* [To do] Output the listing below verbatim, from its first line to its last.

Data provided below:

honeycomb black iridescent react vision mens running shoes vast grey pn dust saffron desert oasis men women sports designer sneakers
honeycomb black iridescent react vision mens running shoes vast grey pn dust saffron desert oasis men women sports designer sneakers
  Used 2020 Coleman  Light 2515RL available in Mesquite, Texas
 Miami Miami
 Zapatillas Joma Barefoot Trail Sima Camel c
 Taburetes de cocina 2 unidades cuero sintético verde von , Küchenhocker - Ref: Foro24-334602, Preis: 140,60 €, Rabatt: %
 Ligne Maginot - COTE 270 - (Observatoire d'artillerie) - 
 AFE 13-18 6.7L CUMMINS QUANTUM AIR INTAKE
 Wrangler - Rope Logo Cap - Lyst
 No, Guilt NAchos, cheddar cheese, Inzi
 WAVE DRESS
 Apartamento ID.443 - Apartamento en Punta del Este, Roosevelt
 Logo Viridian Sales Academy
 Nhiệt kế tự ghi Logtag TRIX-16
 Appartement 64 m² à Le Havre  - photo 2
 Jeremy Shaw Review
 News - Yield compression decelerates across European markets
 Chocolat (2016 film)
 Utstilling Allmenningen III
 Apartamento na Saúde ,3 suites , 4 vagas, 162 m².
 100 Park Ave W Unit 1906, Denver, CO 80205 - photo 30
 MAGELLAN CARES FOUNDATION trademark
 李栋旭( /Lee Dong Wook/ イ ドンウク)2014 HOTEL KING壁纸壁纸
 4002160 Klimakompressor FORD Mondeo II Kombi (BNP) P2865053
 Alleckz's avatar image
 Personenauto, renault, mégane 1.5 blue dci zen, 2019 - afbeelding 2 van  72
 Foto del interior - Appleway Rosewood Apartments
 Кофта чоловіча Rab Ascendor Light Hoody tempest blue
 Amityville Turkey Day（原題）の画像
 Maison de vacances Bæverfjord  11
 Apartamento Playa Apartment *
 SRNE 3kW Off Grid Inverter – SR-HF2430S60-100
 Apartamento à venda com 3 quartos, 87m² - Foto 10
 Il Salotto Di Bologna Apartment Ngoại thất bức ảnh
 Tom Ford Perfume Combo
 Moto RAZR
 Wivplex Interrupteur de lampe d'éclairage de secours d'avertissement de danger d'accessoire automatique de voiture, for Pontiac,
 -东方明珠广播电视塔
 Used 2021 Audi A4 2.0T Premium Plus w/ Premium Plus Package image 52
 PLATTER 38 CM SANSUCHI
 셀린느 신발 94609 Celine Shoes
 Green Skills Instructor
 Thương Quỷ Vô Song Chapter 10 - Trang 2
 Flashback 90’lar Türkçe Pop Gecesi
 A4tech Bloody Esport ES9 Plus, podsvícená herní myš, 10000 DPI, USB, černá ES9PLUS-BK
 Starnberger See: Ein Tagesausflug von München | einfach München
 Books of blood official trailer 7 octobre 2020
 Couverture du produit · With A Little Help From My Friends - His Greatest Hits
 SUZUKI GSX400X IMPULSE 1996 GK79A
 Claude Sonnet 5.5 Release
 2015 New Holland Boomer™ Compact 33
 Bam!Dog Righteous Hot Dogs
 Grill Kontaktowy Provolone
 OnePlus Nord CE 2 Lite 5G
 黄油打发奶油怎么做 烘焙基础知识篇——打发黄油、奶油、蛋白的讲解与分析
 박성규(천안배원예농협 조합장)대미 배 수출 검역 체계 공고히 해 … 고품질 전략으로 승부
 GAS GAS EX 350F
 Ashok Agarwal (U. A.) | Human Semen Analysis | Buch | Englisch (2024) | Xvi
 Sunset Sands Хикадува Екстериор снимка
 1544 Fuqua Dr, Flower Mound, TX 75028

End of Data provided.

* [Response to this exercise]
honeycomb black iridescent react vision mens running shoes vast grey pn dust saffron desert oasis men women sports designer sneakers
honeycomb black iridescent react vision mens running shoes vast grey pn dust saffron desert oasis men women sports designer sneakers
  Used 2020 Coleman  Light 2515RL available in Mesquite, Texas
 Miami Miami
 Zapatillas Joma Barefoot Trail Sima Camel c
 Taburetes de cocina 2 unidades cuero sintético verde von , Küchenhocker - Ref: Foro24-334602, Preis: 140,60 €, Rabatt: %
 Ligne Maginot - COTE 270 - (Observatoire d'artillerie) - 
 AFE 13-18 6.7L CUMMINS QUANTUM AIR INTAKE
 Wrangler - Rope Logo Cap - Lyst
 No, Guilt NAchos, cheddar cheese, Inzi
 WAVE DRESS
 Apartamento ID.443 - Apartamento en Punta del Este, Roosevelt
 Logo Viridian Sales Academy
 Nhiệt kế tự ghi Logtag TRIX-16
 Appartement 64 m² à Le Havre  - photo 2
 Jeremy Shaw Review
 News - Yield compression decelerates across European markets
 Chocolat (2016 film)
 Utstilling Allmenningen III
 Apartamento na Saúde ,3 suites , 4 vagas, 162 m².
 100 Park Ave W Unit 1906, Denver, CO 80205 - photo 30
 MAGELLAN CARES FOUNDATION trademark
 李栋旭( /Lee Dong Wook/ イ ドンウク)2014 HOTEL KING壁纸壁纸
 4002160 Klimakompressor FORD Mondeo II Kombi (BNP) P2865053
 Alleckz's avatar image
 Personenauto, renault, mégane 1.5 blue dci zen, 2019 - afbeelding 2 van  72
 Foto del interior - Appleway Rosewood Apartments
 Кофта чоловіча Rab Ascendor Light Hoody tempest blue
 Amityville Turkey Day（原題）の画像
 Maison de vacances Bæverfjord  11
 Apartamento Playa Apartment *
 SRNE 3kW Off Grid Inverter – SR-HF2430S60-100
 Apartamento à venda com 3 quartos, 87m² - Foto 10
 Il Salotto Di Bologna Apartment Ngoại thất bức ảnh
 Tom Ford Perfume Combo
 Moto RAZR
 Wivplex Interrupteur de lampe d'éclairage de secours d'avertissement de danger d'accessoire automatique de voiture, for Pontiac,
 -东方明珠广播电视塔
 Used 2021 Audi A4 2.0T Premium Plus w/ Premium Plus Package image 52
 PLATTER 38 CM SANSUCHI
 셀린느 신발 94609 Celine Shoes
 Green Skills Instructor
 Thương Quỷ Vô Song Chapter 10 - Trang 2
 Flashback 90’lar Türkçe Pop Gecesi
 A4tech Bloody Esport ES9 Plus, podsvícená herní myš, 10000 DPI, USB, černá ES9PLUS-BK
 Starnberger See: Ein Tagesausflug von München | einfach München
 Books of blood official trailer 7 octobre 2020
 Couverture du produit · With A Little Help From My Friends - His Greatest Hits
 SUZUKI GSX400X IMPULSE 1996 GK79A
 Claude Sonnet 5.5 Release
 2015 New Holland Boomer™ Compact 33
 Bam!Dog Righteous Hot Dogs
 Grill Kontaktowy Provolone
 OnePlus Nord CE 2 Lite 5G
 黄油打发奶油怎么做 烘焙基础知识篇——打发黄油、奶油、蛋白的讲解与分析
 박성규(천안배원예농협 조합장)대미 배 수출 검역 체계 공고히 해 … 고품질 전략으로 승부
 GAS GAS EX 350F
 Ashok Agarwal (U. A.) | Human Semen Analysis | Buch | Englisch (2024) | Xvi
 Sunset Sands Хикадува Екстериор снимка
 1544 Fuqua Dr, Flower Mound, TX 75028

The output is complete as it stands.